Et cette mesure avait de graves conséquences en Grande-Bretagne, en Écosse et à Glasgow, décrites ainsi par Jules Verne :
« La plus importante matière de l’exportation américaine manquait sur la place de Glasgow. La famine du coton, pour employer l’énergique expression anglaise, devenait de jour en jour plus menaçante. Des milliers d’ouvriers se voyaient réduits à vivre de la charité publique. Glasgow possède vingt-cinq mille métiers mécaniques, qui, avant la guerre des États-Unis, produisaient six cent vingt-cinq mille mètres de coton filé par jour, c’est-à-dire cinquante millions de livres par an. Par ces chiffres, que l’on juge des perturbations apportées dans le mouvement industriel de la ville, quand la matière textile vint à manquer presque absolument. Les faillites éclataient à chaque heure. Les suspensions de travaux se produisaient dans toutes les usines. Les ouvriers mouraient de faim. »
C’est pourquoi MM. Todd et Mac-Grégor ont fait construire un grand steamer, Le Delphin, à très grande vitesse et confié au skipper James Playfair, neveu du négociant Vincent Playfair et chargé de forcer le blocus du port de Charleston en Caroline du Sud, rempli d’armes et de munitions à échanger contre une cargaison de coton.

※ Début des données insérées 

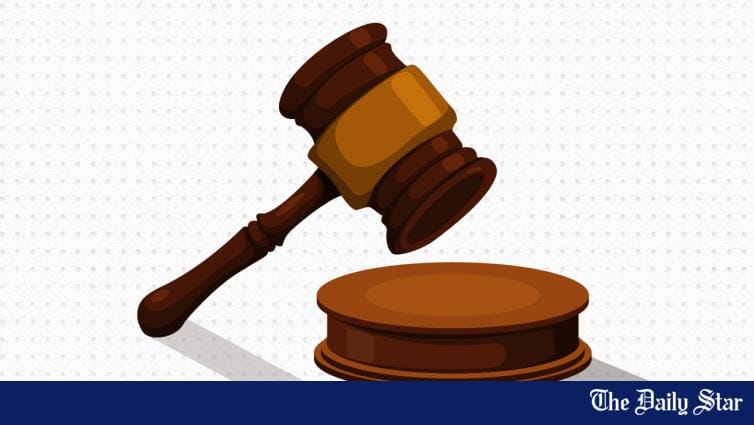 False case: Court asks IGP to take actions against 9 DB men - Vimarsana News
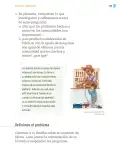 Miniatura página 172 de Proyectos Comunitarios.   Libro de Educación Primaria Grado 2°  Ciclo Escolar 2025 - 2026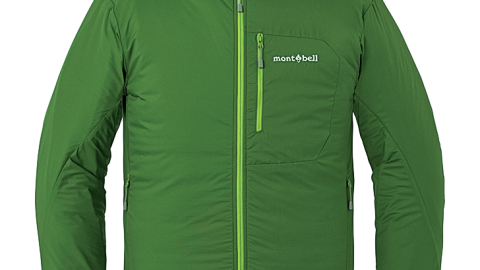 着る、かける、履くのベストギアを選出！【第5回 BE-PALアウトドアアワード2025】アウトドアウェア部門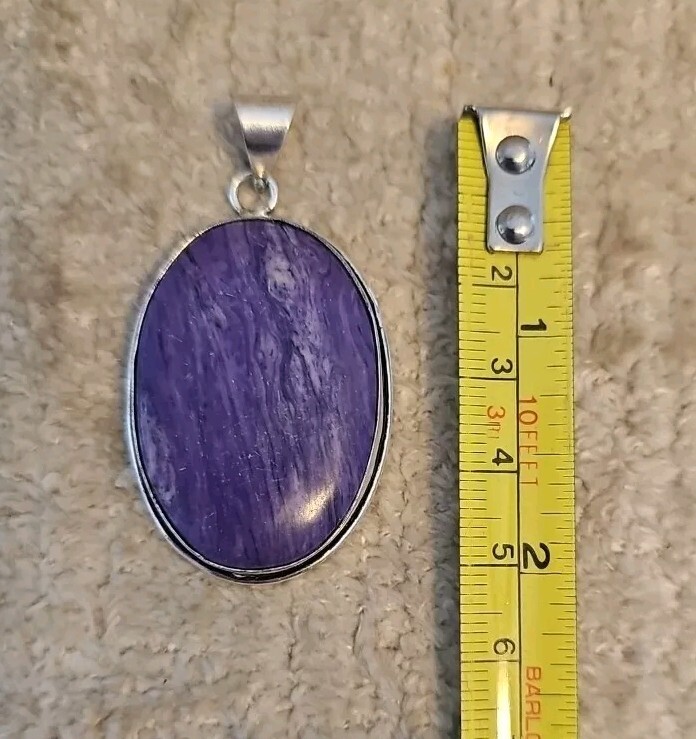 Picture 3 of 5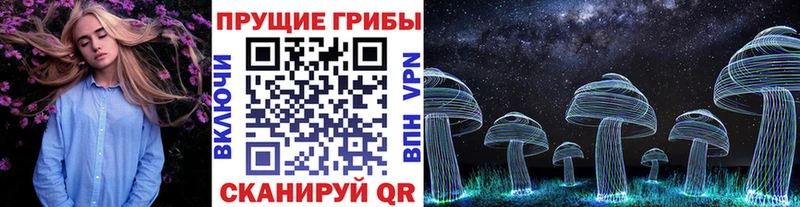 Псилоцибиновые грибы ЛСД  Купить где  Талица 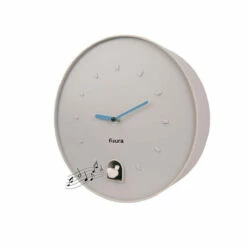 Horloge Ronde Coucou 9 Horloge Ronde Coucou -Cadeau boutique horloge ronde coucou 3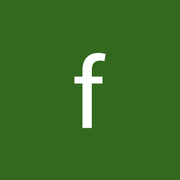 comment.user?.profileImg
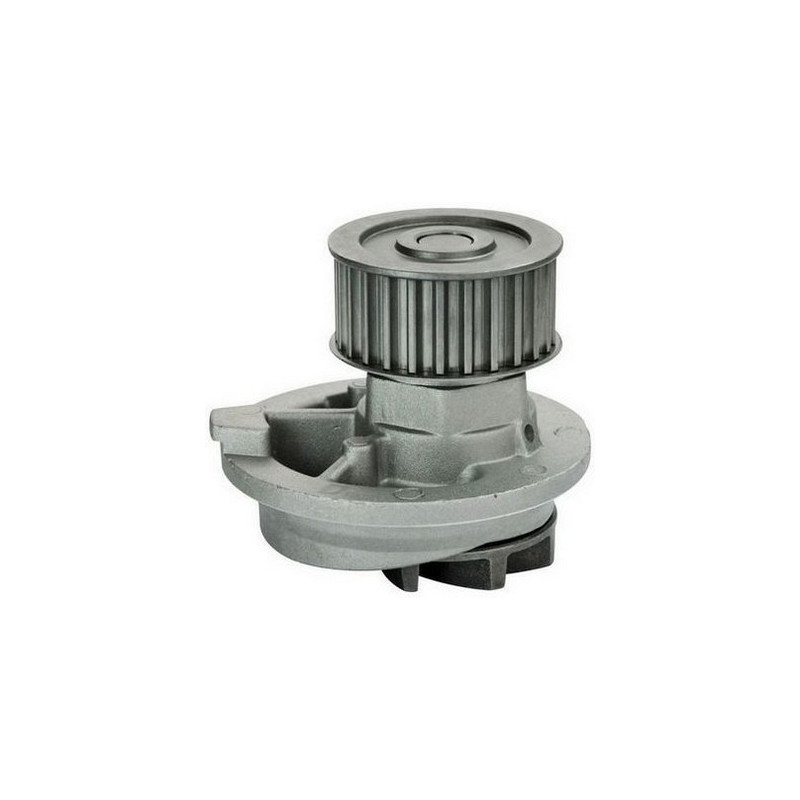 DENCKERMANN A310015P Water Pump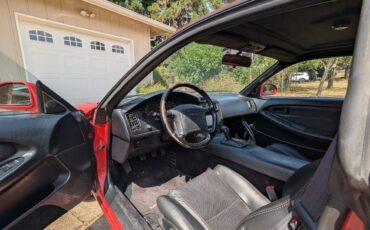 Toyota-mr2-1991-red-4
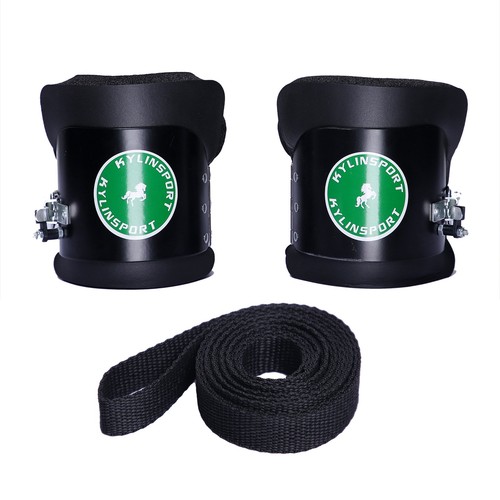 Paar stiefel umkehrring - stiefel,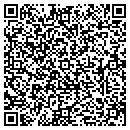 QR code with David Wyatt contacts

Ce commerce et le soutien de fait qu’il apporte aux esclavagistes du Sud ne sont ni légaux ni recommandables, cependant « les affaires sont les affaires » pensent les commanditaires du raid.
Néanmoins, pour justifier cette action, Jules Verne a trouvé, dans Les Forceurs de blocus, une astuce : Le Delphin, au dernier moment lors du départ, a pris à son bord un marin athlétique, Crockston, et son neveu, John Stiggs.
Or, une fois au large, il s’avère que ces nouveaux passagers sont des Américains, une jeune femme, Jenny Halliburtt, déguisée en matelot, et son serviteur Crockston, embarqués pour libérer de la prison de Charleston Mr. Halliburtt (le père de Jenny), un journaliste ayant « le plus intrépidement défendu la cause des Noirs ».
Cette fois, la cause est juste ! d’autant que Miss Jenny ne déplaît pas au capitaine qui, ainsi, va pouvoir joindre l’utile à l’agréable : réussir sa mission commerciale et libérer un prisonnier…
Les Forceurs de blocus, une bluette de Jules Verne, grâce à son contexte historique (une préoccupation constante du nouvel auteur) aujourd’hui résonne très fort dans l’actualité de la guerre d’Ukraine où le blocage des ports de la mer Noire prive de blé et de céréales une grande partie de la population mondiale.
Michel Sender.
[*] Les Forceurs de blocus (1865) de Jules Verne, collection « Librio », EJL (éditions J’ai lu, Flammarion), Paris, avril 1995 ; 96 pages, 10 FF (illustration de couverture : Mezzo).
Les Forceurs de blocus parut dans le Musée des Familles (Lectures du Soir) en octobre et novembre 1865. Il fut repris en volume, légèrement modifié, couplé avec Une Ville flottante, chez Hetzel, en 1871.
La collection « Librio » a également réédité le Christophe Colomb (1878) de Jules Verne, extrait de Les Grands Voyages et les grands voyageurs – Découverte de la Terre, écrit en collaboration avec le géographe Gabriel Marcel (préface et chronologie de Denis Crouzet, E.J.L., Paris, février 2003 ; 96 pages).